En 1526 et en 1527, les Espagnols retournèrent à Tidore ; ils y retournèrent même par deux voies différentes. Don Garcia Jofre de Loaysa, ayant sous ses ordres Sébastien del Cano, partit de la Corogne[1] ; Alvaro de Saavedra équipa ses navires sur les bords de l’Océan-Pacifique. Au même moment, dom Jorge de Meneses arrivait de Malacca pour gouverner les Moluques au nom du Portugal. Les hostilités ne pouvaient tarder à s’ouvrir. Les Portugais exerçaient une suprématie absolue à Ternate ; les Espagnols appuyèrent les prétentions du sultan de Tidore. En 1529, l’empereur Charles-Quint vida le différend ; il céda au Portugal ses droits sur les Moluques pour la somme de 350,000 ducats. Cette cession impliquait-elle un renoncement absolu à tout établissement sur les autres groupes de la zone qu’une astronomie incertaine laissait en litige ? Le vice-roi du Mexique ne le pensa pas. En 1542, Ruy Lopez de Villalobos conduisait par ses ordres une expédition espagnole aux Philippines ; en 1565, Miguel Lopez de Legaspi accomplissait la conquête de Luçon.

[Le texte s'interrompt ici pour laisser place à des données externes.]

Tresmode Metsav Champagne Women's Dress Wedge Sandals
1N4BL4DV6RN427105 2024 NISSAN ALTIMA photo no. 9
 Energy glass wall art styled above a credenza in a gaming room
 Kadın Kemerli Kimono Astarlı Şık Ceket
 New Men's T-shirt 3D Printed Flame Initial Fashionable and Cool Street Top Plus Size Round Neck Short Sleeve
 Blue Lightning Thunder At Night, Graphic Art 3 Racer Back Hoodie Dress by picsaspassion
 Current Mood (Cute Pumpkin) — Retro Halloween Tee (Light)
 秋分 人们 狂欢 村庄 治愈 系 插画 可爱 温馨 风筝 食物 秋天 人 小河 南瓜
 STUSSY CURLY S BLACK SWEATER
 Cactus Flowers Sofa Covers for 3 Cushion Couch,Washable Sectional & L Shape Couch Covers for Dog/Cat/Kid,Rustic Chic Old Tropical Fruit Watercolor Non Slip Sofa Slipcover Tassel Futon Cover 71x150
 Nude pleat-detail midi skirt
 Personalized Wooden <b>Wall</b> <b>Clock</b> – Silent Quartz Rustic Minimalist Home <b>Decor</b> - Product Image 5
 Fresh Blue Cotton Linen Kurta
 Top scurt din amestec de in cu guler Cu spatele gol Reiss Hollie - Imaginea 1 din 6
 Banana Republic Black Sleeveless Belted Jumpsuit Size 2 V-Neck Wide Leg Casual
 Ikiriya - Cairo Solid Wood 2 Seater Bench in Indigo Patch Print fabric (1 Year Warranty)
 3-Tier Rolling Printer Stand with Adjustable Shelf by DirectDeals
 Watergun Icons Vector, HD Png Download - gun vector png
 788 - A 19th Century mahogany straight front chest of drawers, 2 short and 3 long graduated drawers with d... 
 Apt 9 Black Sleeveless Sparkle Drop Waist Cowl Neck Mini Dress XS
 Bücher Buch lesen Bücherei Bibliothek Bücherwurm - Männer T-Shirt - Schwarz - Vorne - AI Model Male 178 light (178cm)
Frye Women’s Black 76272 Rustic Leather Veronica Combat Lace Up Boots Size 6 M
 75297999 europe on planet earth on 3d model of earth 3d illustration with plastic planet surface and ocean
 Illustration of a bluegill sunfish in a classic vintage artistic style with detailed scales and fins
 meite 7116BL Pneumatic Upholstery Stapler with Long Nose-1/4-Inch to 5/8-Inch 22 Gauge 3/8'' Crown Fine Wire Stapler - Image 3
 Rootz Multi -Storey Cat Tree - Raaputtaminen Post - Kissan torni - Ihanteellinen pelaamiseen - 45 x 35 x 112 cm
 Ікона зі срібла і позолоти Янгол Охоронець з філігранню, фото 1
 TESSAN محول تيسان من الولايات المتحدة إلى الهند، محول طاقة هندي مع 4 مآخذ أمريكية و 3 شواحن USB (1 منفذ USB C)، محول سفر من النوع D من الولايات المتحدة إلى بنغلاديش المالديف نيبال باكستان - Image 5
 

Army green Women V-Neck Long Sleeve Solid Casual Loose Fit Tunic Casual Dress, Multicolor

Il était facile de se rendre des côtes occidentales de la Nouvelle-Espagne aux grands archipels de l’Asie ; il n’y avait pas encore de route connue pour en revenir. Pendant que la Vittoria avec Sébastien del Cano prenait le chemin du cap de Bonne-Espérance, la Trinidad, laissée en arrière, essayait de remonter de l’ouest à l’est l’Océan-Pacifique. Il lui fallut, après avoir maintes fois côtoyé le naufrage, revenir découragée sur ses pas et rentrer dans le cercle où l’attendaient les navires portugais. Alvaro de Saavedra n’eut pas en 1527 un meilleur succès. Il se vit à son tour rejeté par les vents et par les courans contraires vers les Moluques. Ce fut un moine, le célèbre Fray Andrès de Urdaneta, qui eut la gloire d’enseigner à ses compatriotes la route qui devait, pendant près de deux siècles, ramener les galions de Manille au Mexique. Urdaneta avait fait partie de la seconde expédition de Sébastien del Cano ; il accompagnait Legaspi en qualité d’astronome et de cosmographe. L’impossibilité de lutter contre les vents alizés était constatée ; elle l’était du moins pour des galions et pour des caravelles. Urdaneta alla chercher des vents favorables jusqu’au 40e degré de latitude nord. Parti de Zebù le 1er juin, il arrivait à Acapulco le 3 octobre. Plusieurs voyages entrepris par le détroit de Magellan avaient eu, depuis l’année 1520, une fâcheuse issue. Les communications entre l’Espagne et ses colonies asiatiques prirent définitivement un autre

  1. Don Garcia et Sébastien del Cano succombèrent pendant le voyage ; ce fut Alonzo de Salazar qui conduisit l’escadre de la Mer du Sud à Tidore.